Savaşın kaderi asıl Batı Cephesi’nde belirlenecek deniliyordu. Bizim savaş planlarımız da buna göre yapılmıştı. Buna göre cephe tutmuştuk. Batı Cephesi Fransa ile Almanya arasındaydı. Almanya çok güçlüydü ve bunu başaracak gözüyle bakılıyordu. Almanya ve Avusturya, bir yandan da Doğu’da Rusya ile savaşmak zorunda kaldı. Yani iki cephede. İlginçtir, savaşın kaderi Batı Cephesi’nde değil, Doğu Cephesi’nde belirlendi. Ve en önemli stratejik sonuca neden oldu. Baltık’tan Kafkaslara kadar bir hilal halinde müttefiklerimizle birlikte Rusya’yı kuşattık. Nefes aldırmadık. Bunu tek başımıza yapamazdık. Tarihi düşmanımız Çarlık Rusyası idi. 1917’de Rusya dış etkiyle içten çöktü. Sonuçları muazzam oldu. Dünya tarihini değiştirecek boyutta. İşte bunun için savaşa girilirdi ve girmenin meyvesini de aldık. Rusya’da rejim değişti. Dünyada ilk kez yeni bir sosyalist rejim kuruldu ve hem kapitalizme hem de emperyalizme karşı savaşan… Bu adım, bizim de Kurtuluş Savaşımızı hızlandırdı ve zafere dönüştürdü.
SAĞLAM CUMHURİYET KURDUK
Rusya’nın çökertilmesi İttihatçıların kurduğu o muazzam ordusun sayesindedir. Ordumuz Arap Cephelerinden Çanakkale’ye, Makedonya’dan Galiçya’ya kadar geniş bir cephede muazzam savaştı ve girdiği her savaşta emperyalizme büyük darbeler vurdu. İmparatorluğun son büyük unsunu Araplar’dı. Arap diyarlarını kaybettik. Ancak onları tutmamız zordu. Oralardan destek de alamadık. Geniş bir alanda süren savaşta büyük kayıplar verdik. Onun yerine Anadolu’yu savunmayı esas alsaydık sonrası için daha iyi olurdu. Ancak, Türkler vuruşmadan toprak terk etmediğini unutmayalım… Bütün bu süreçler savaşı 2 yıl daha uzattı. Olmadı 4 yıl daha. Sonunda Mareşal Fevzi Çakmak’ın deyimiyle “çok kuvvetli bir Cumhuriyet kurduk.” Kendi sınırlarımızı Mehmetçiğin kanıyla belirledik.

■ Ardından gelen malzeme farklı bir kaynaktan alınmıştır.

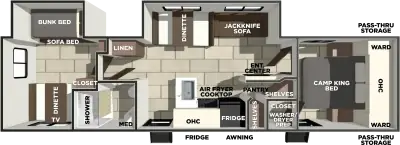 2027 Prime Time Tracer 295DB photo 2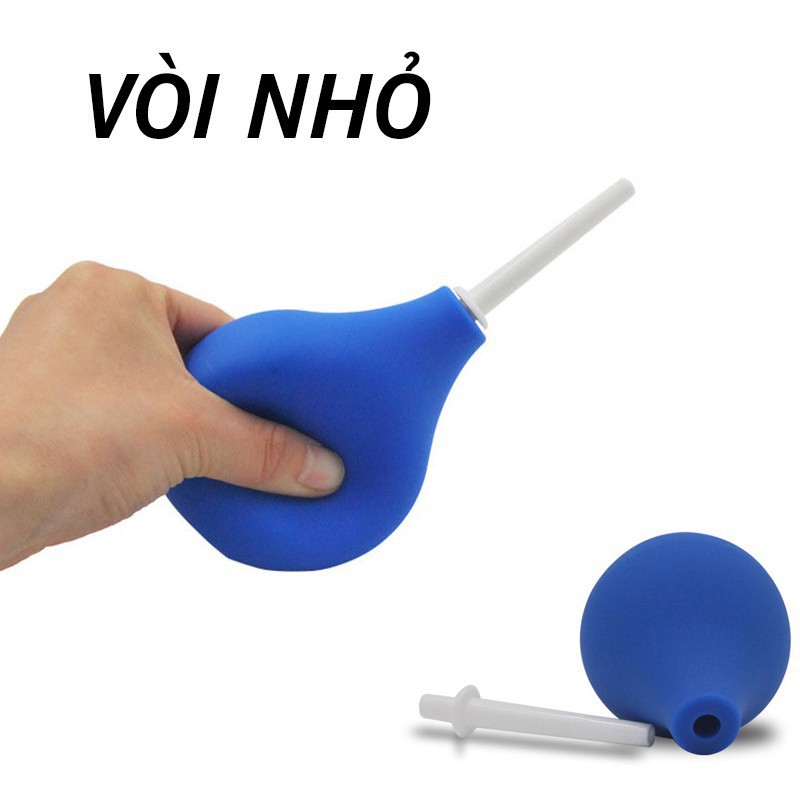 Bình bơm vệ sinh hậu môn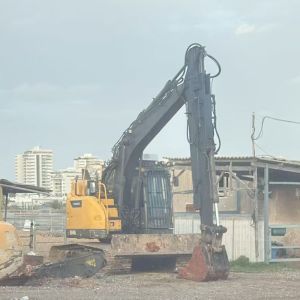 Shaogang Q355B Excavator Telescopic Arm With Standard Bucket Better Welding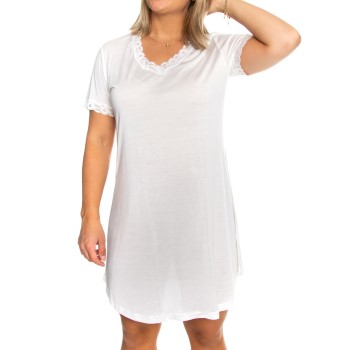 Lady Avenue Silk Jersey Nightgown Benhvid silke X-Small Dame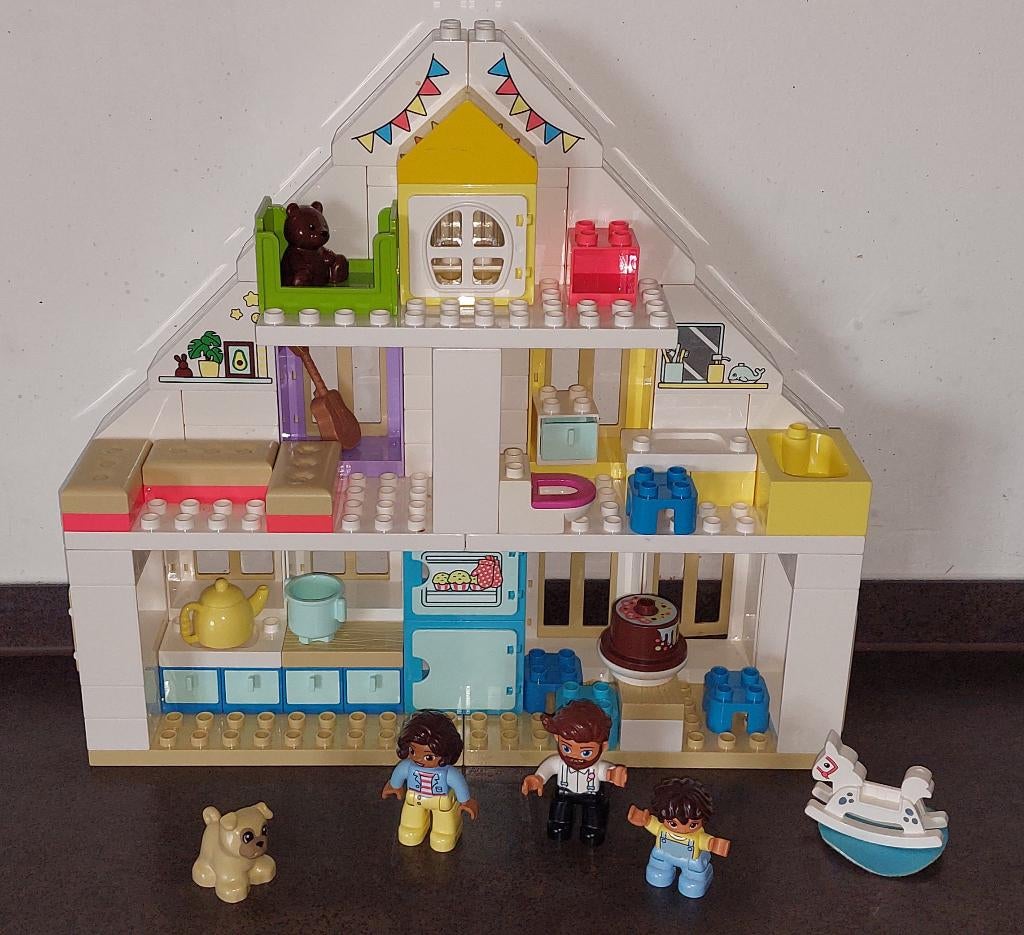 duplo modulair huis (nr 5), Ophalen of Verzenden, Zo goed als nieuw, Duplo
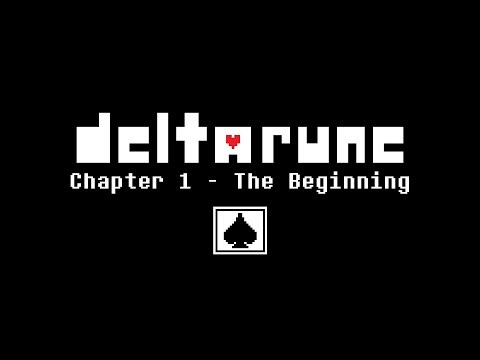 DELTARUNE Chapter 1 - The Beginning - Gameplay - No Commentary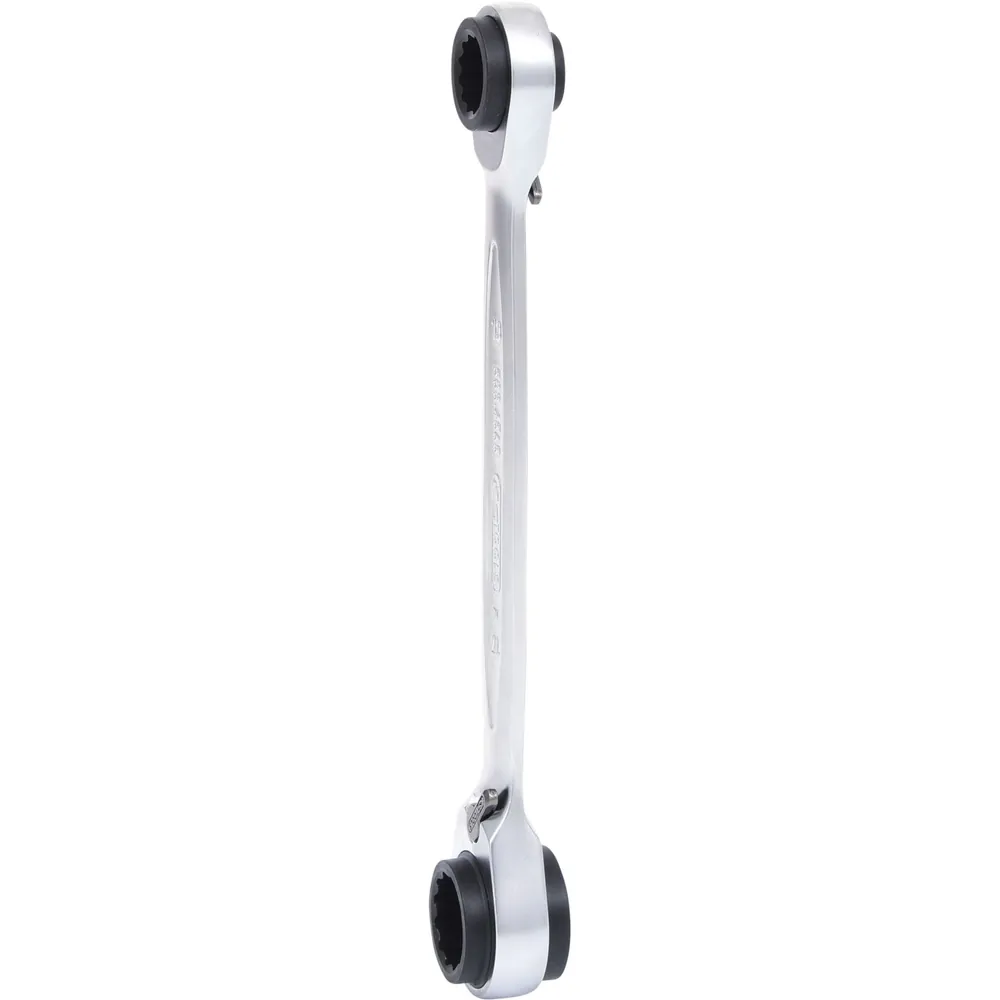 KSTOOLS 4 in 1 GEARplus umschaltbar Doppel-Ratschenringschlüssel, 10x13x17x19mm Produktbild img4 L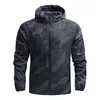 Men's Jackets Men's Spring And Autumn Mountaineering Coat Casual Quick Drying Windbreaker Outdoor Sports Jacket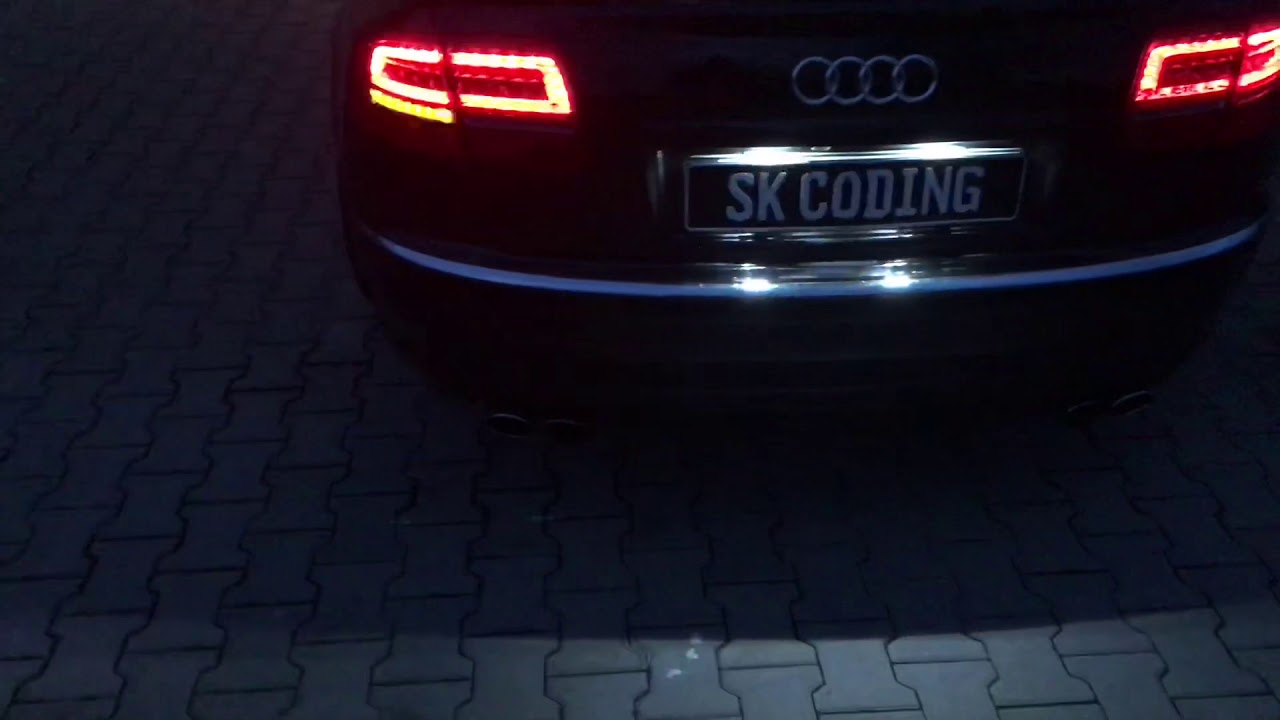 Audi A8 dynamisches Blinken 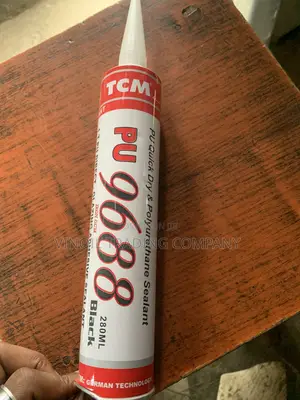 TCM PU 9688 - PU Polyurethane Sealant - Black - 280ML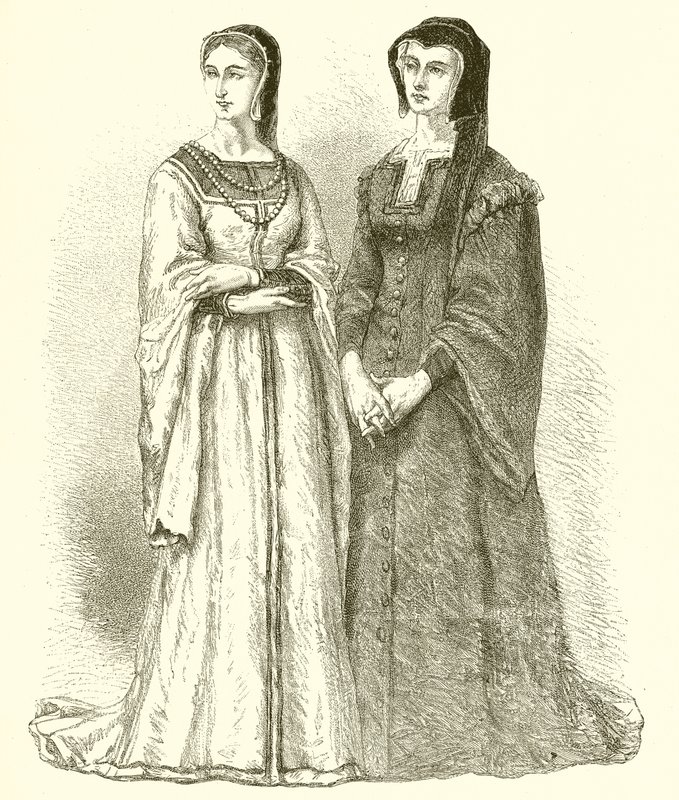 Margaret Valois ja Louise Savoylainen tekijältä French School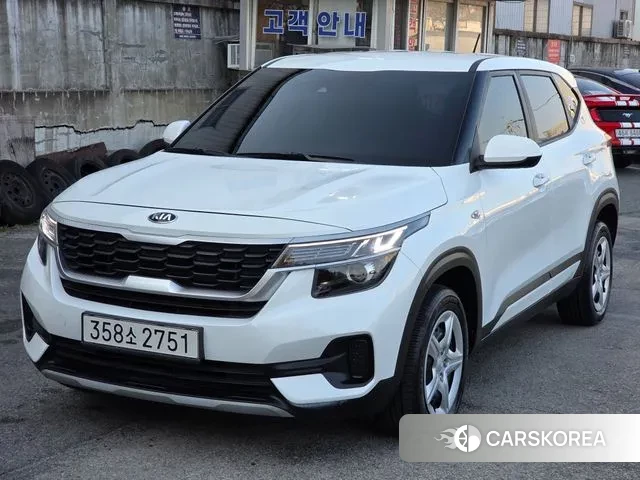 Kia Seltos id 3401699 из Кореи 12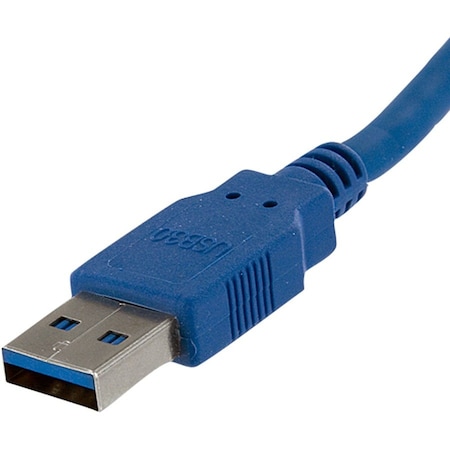 Startech.Com 6 FT SUPERSPEED USB 3.0 CABLE A TO A USB3SAA6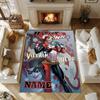 Warner Bros. Movies (16) Customize your name rug, office chair cushion, home bedroom living room gift.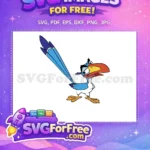Free Zazu Worried Expression Free Colorful Beak The Lion King Free SVG - Instant Download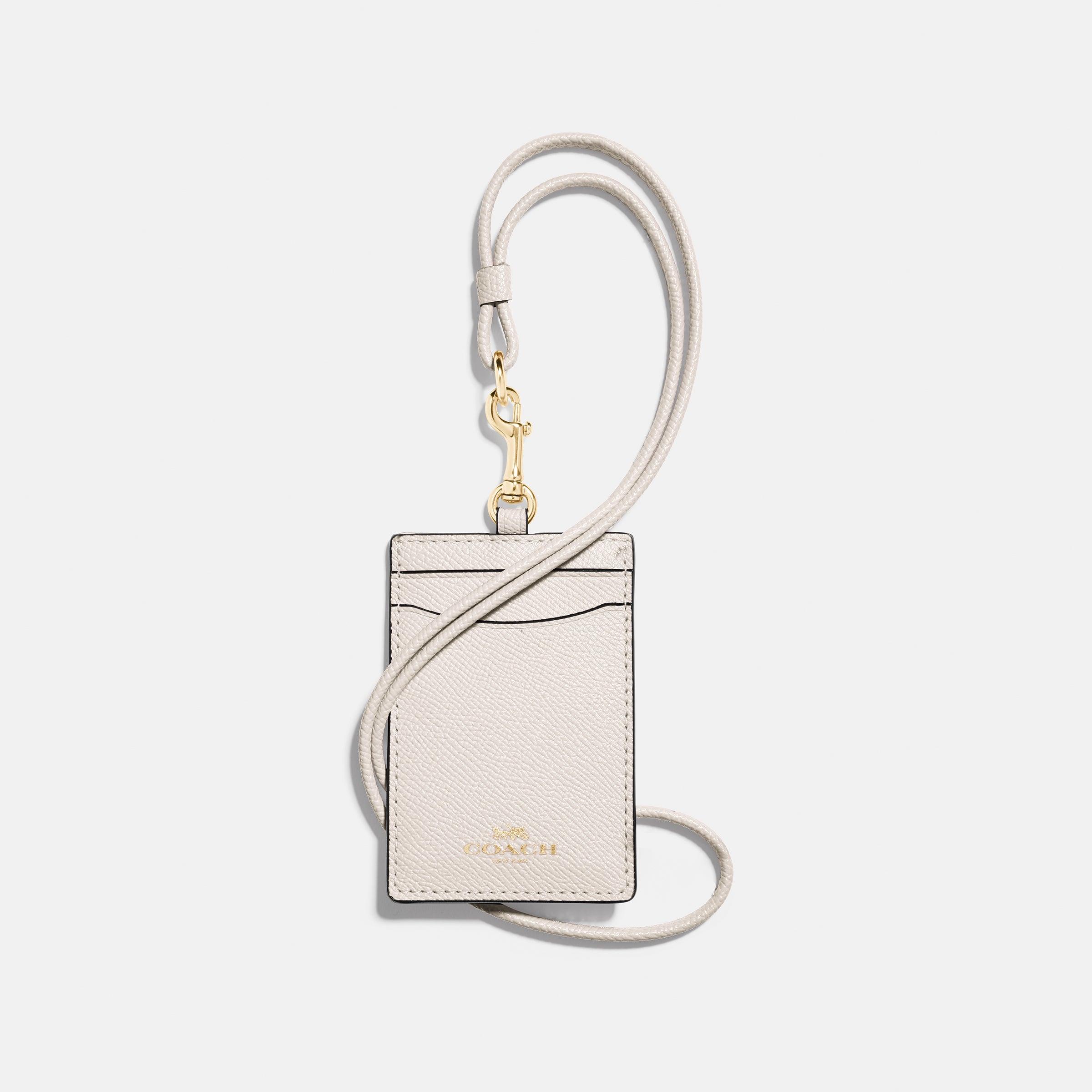 Coach outlet id holder Clearance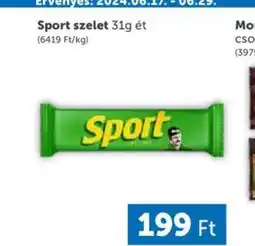 Sport szelet 31g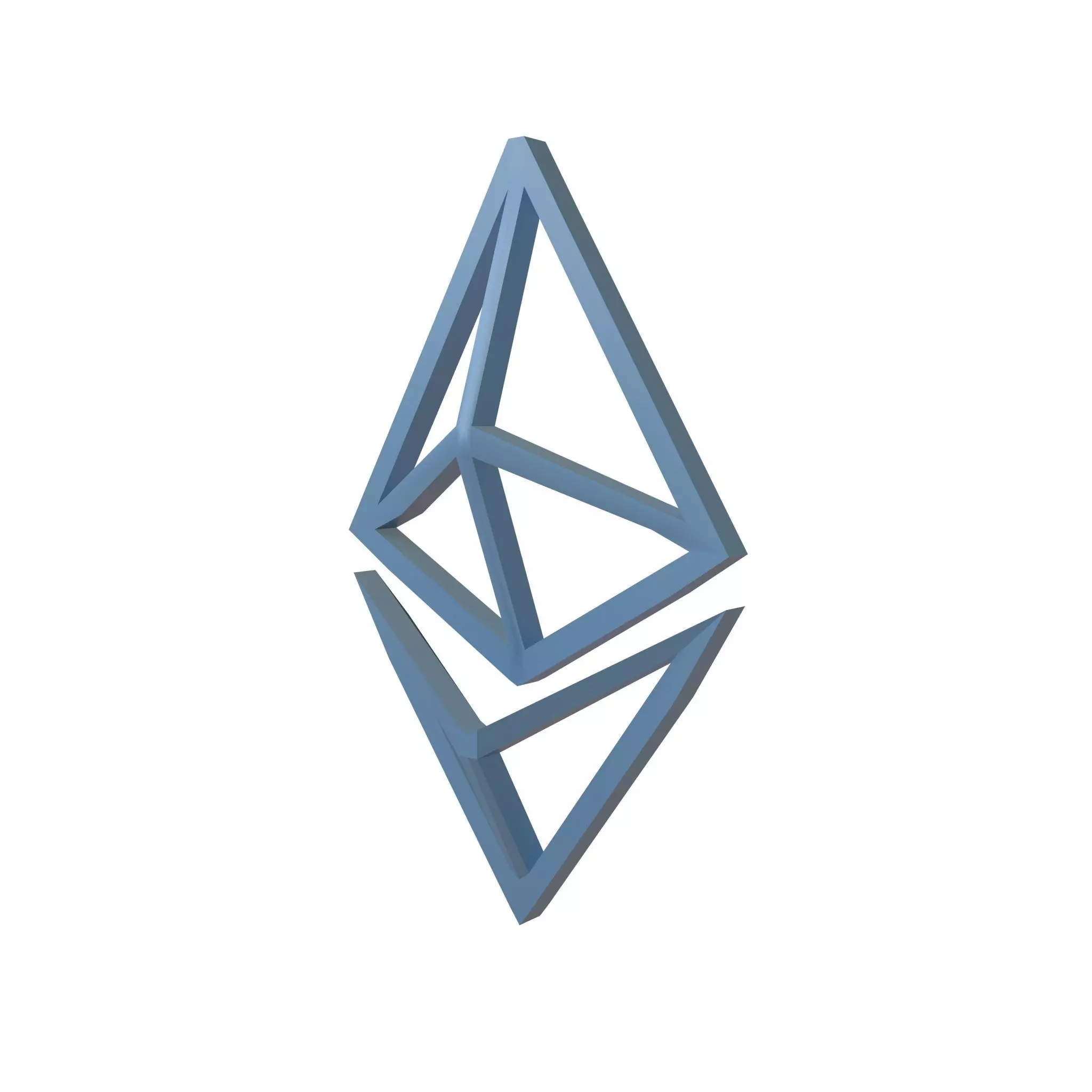 Ethereum 2 v2 002 Low-poly 3D model_0
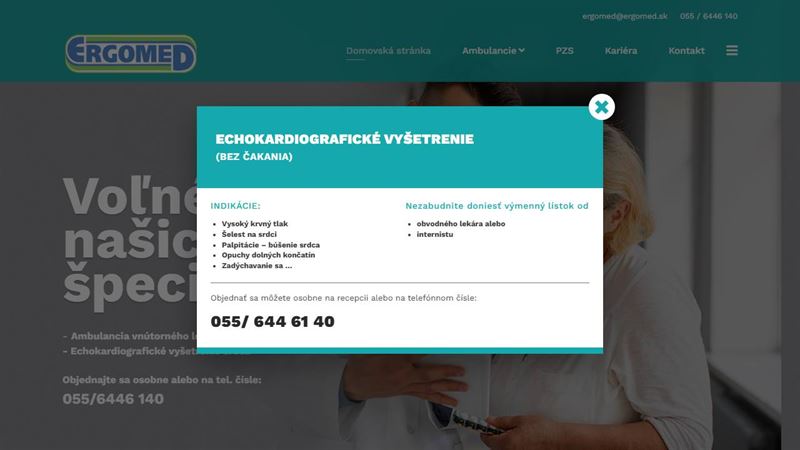 Poliklinika Ergomed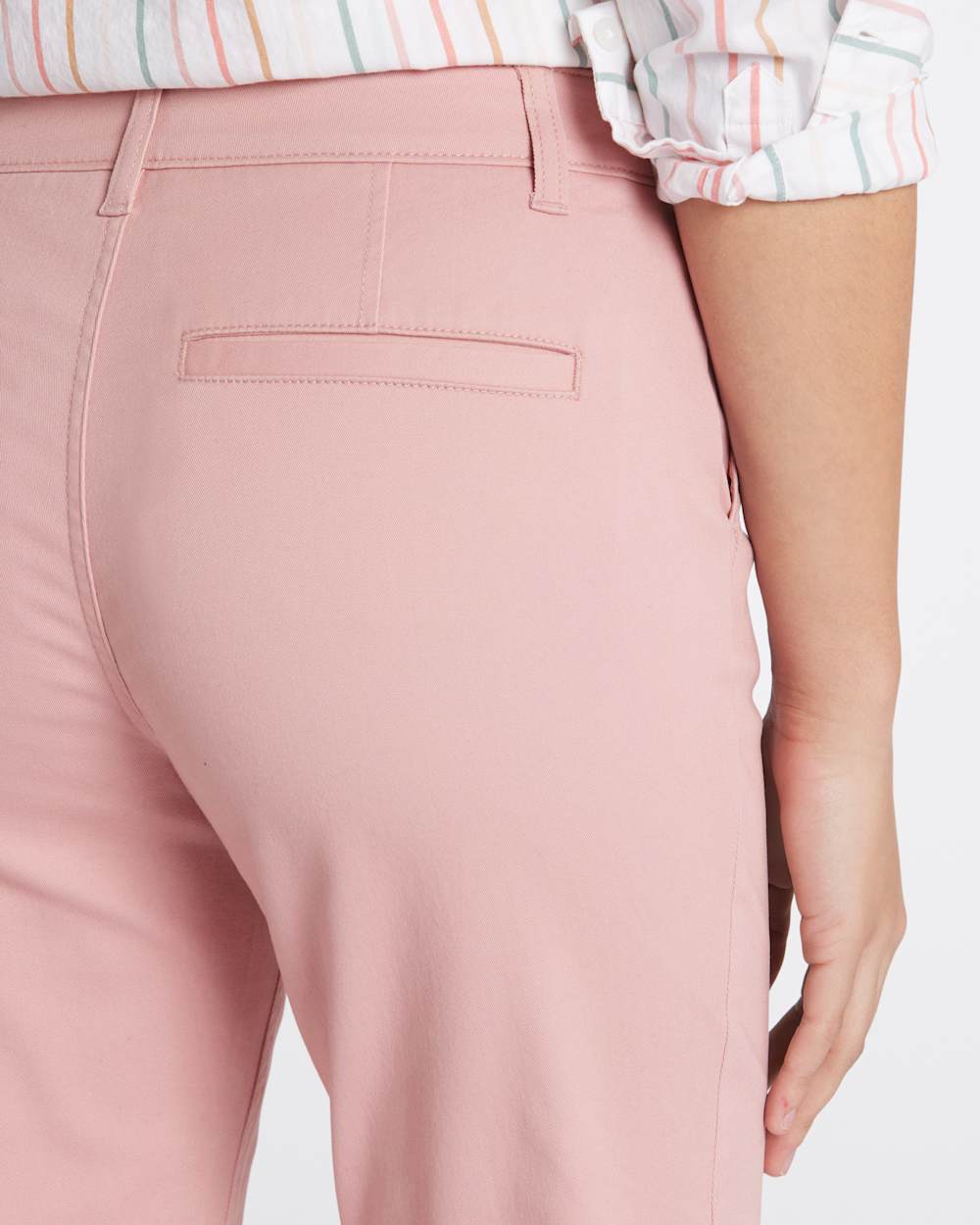 Madison Mid Rise Slim Straight Chino Pant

İşte bu büyük başarı Meşrutiyet Devrimi sayesinde oldu. Bu zaferi Abdülhamid’in çağ dışı ordusuyla yapılamazdı. Hele Çanakkale hiç savunulamazdı. Daha ilk günden o perişan ordu arkasına bakmadan kaçardı… Bu manada Cihan Harbi bizim için yenilgi, hezimet değil, kazanım ve başarıdır. Bugüne kadar hep Osmanlı’nın içinden bakıldığı için “yenilgi” olarak değerlendirildi. Bu son derece yanlıştır. Asıl büyük stratejik sonuç görülmüyor. Unutmayalım, o dönem müttefikimiz olan Alman ve Avusturya-Macaristan İmparatorlukları dağıldı. Almanya’ya ağır bir anlaşma dayatıldı. Bunu yırtmak için 21 yıl sonra İkinci Dünya Savaşı’nı çakardı. Burada da başarılı olamadı. Bölündü ve bugünlere geldi. Biz ise 1923 yılında Lozan Antlaşmasıyla sağlam bir barışa kavuştuk. Sevr’i yırttık.